Available records:
★ ★ ★ ★

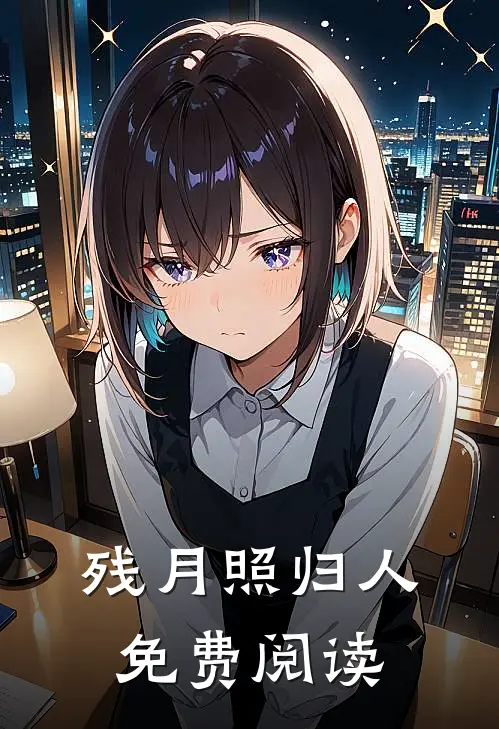 残月照归人免费阅读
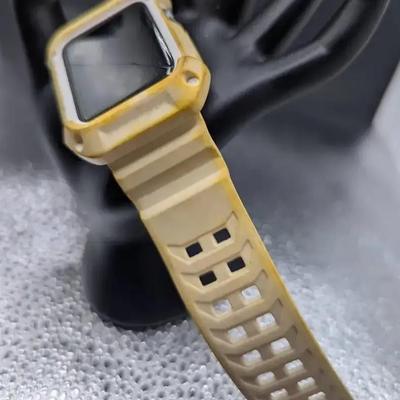 Digital Watch Series 2, 38 MM, Aluminum Case, ION-X Glass Ceramic Back, GPS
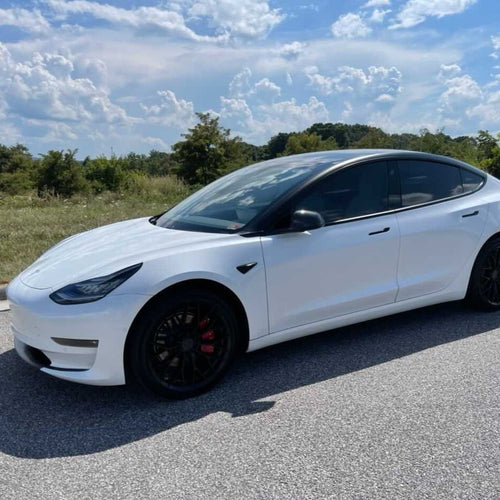 Tesla Model 3 Pillar Delete Kit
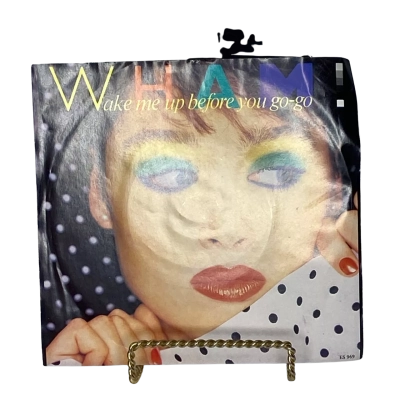 WHAM - wake me up before you go-go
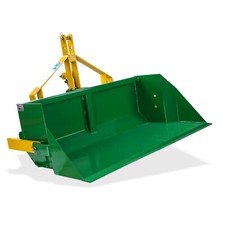 Traktor schlepper heckschaufel gebraucht kaufen  Untermünkheim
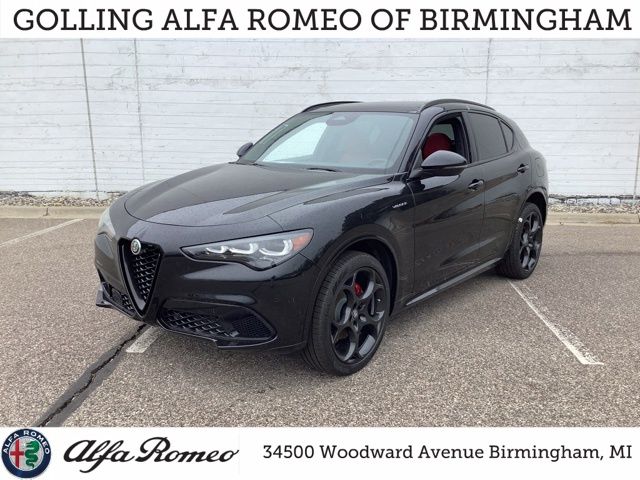 2026 Alfa Romeo Stelvio's photo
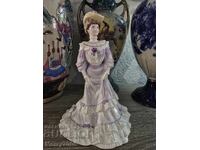 "Golden Age" by Coalport, named "Louisa at Ascot"!
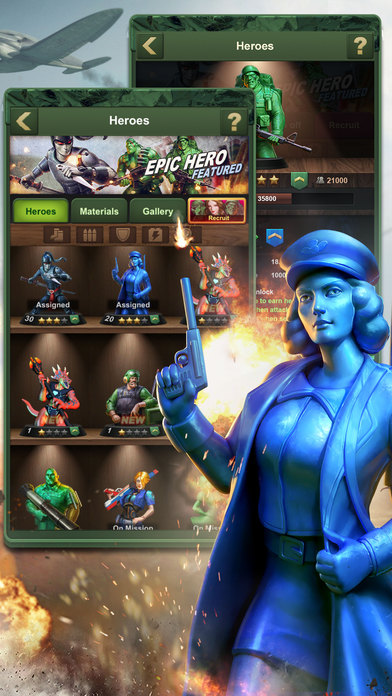 玩具兵大战-图2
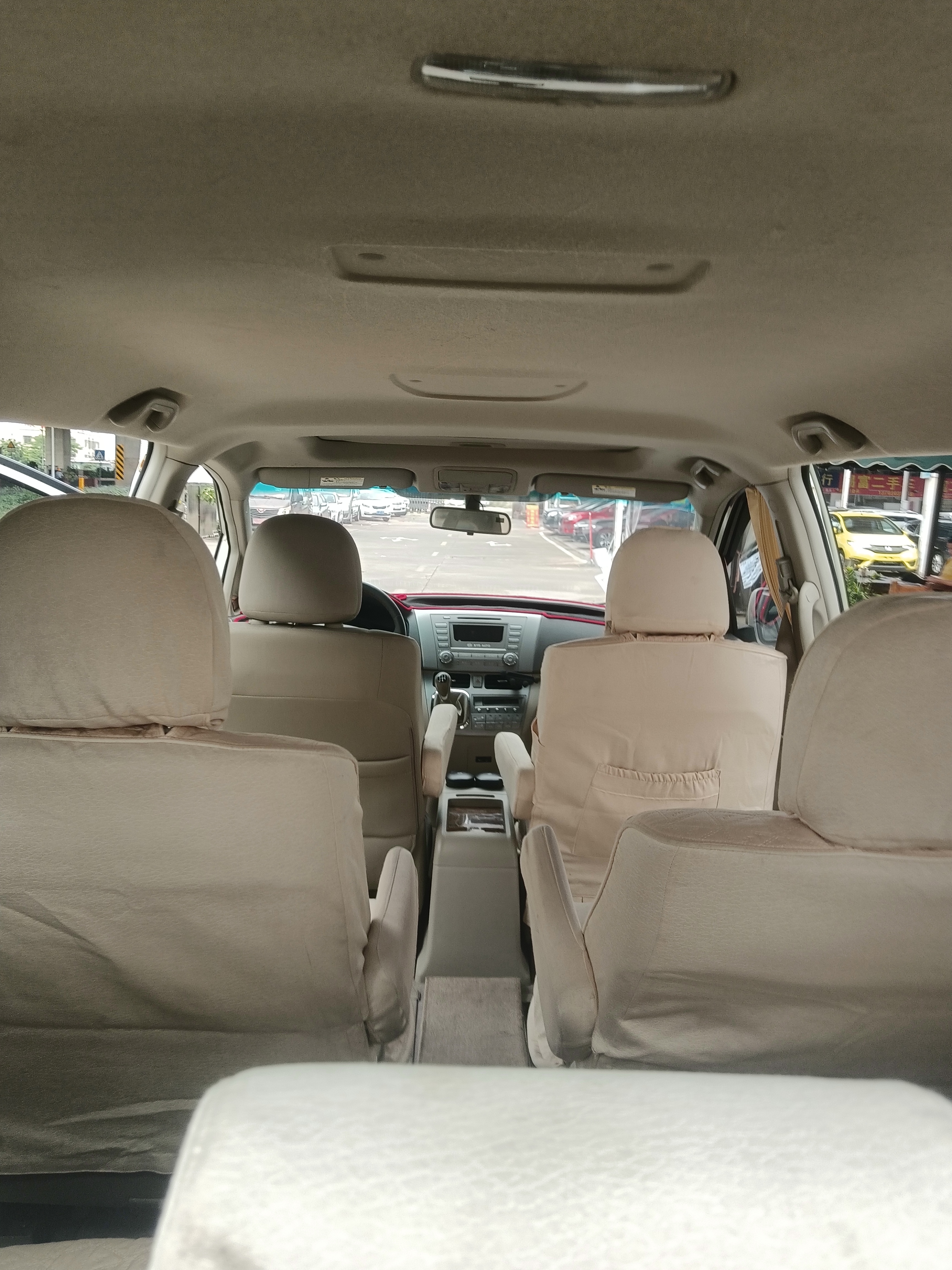 BYD M6 2013 #9 BYD M6 2013 car image #9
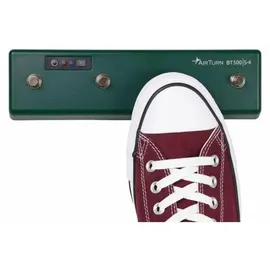Airturn BT500-S4 Fußschalter Grün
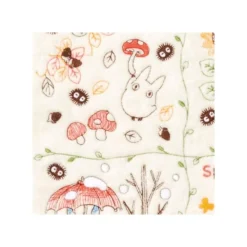 Mini Towel Wreath Of Nuts 25X25 Cm - My Neighbor Totoro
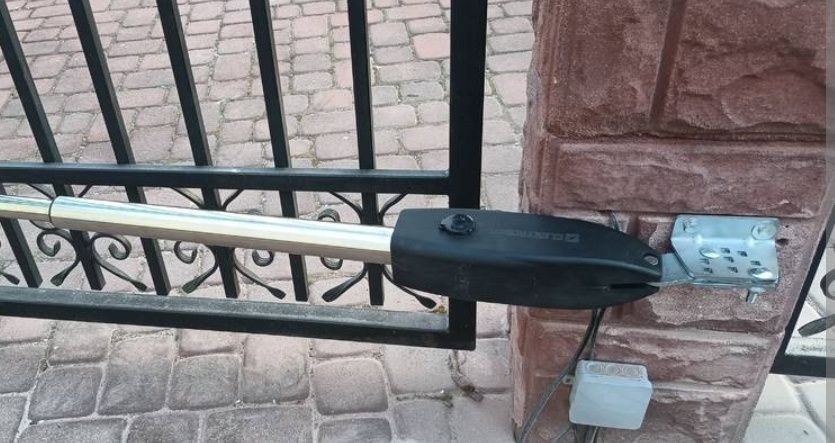 Napędy do bram dojazd doradztwo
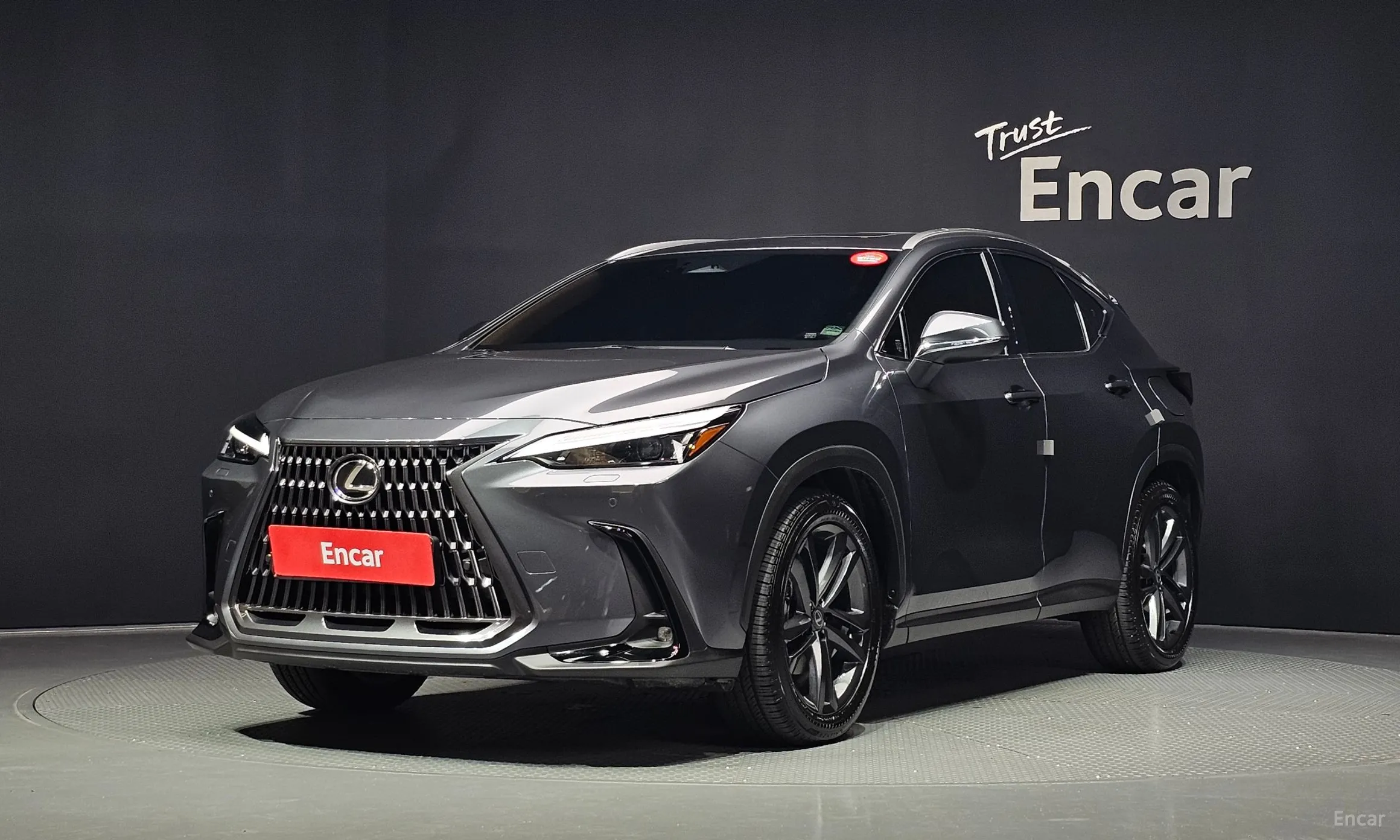 Lexus NX350h Gen 2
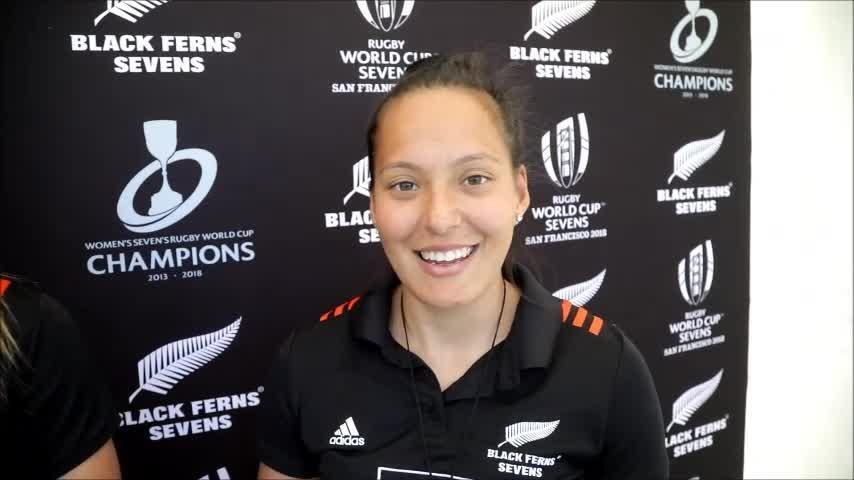 New Zealand fills minor placings at Dubai Sevens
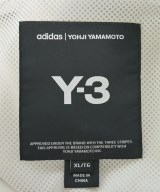 Y-3（ワイスリー）ブルゾン 白 サイズ:XL メンズ/2200673676030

★ ★ ★ ★

Work to complete:
Go through the data above and transcribe it in full, omitting any image.

Task response:
 残月照归人免费阅读
 Digital Watch Series 2, 38 MM, Aluminum Case, ION-X Glass Ceramic Back, GPS
 Tesla Model 3 Pillar Delete Kit
 WHAM - wake me up before you go-go
 Traktor schlepper heckschaufel gebraucht kaufen  Untermünkheim
 2026 Alfa Romeo Stelvio's photo
 "Golden Age" by Coalport, named "Louisa at Ascot"!
 玩具兵大战-图2
 BYD M6 2013 #9 BYD M6 2013 car image #9
Airturn BT500-S4 Fußschalter Grün
 Mini Towel Wreath Of Nuts 25X25 Cm - My Neighbor Totoro
 Napędy do bram dojazd doradztwo
 Lexus NX350h Gen 2
 New Zealand fills minor placings at Dubai Sevens
 Y-3（ワイスリー）ブルゾン 白 サイズ:XL メンズ/2200673676030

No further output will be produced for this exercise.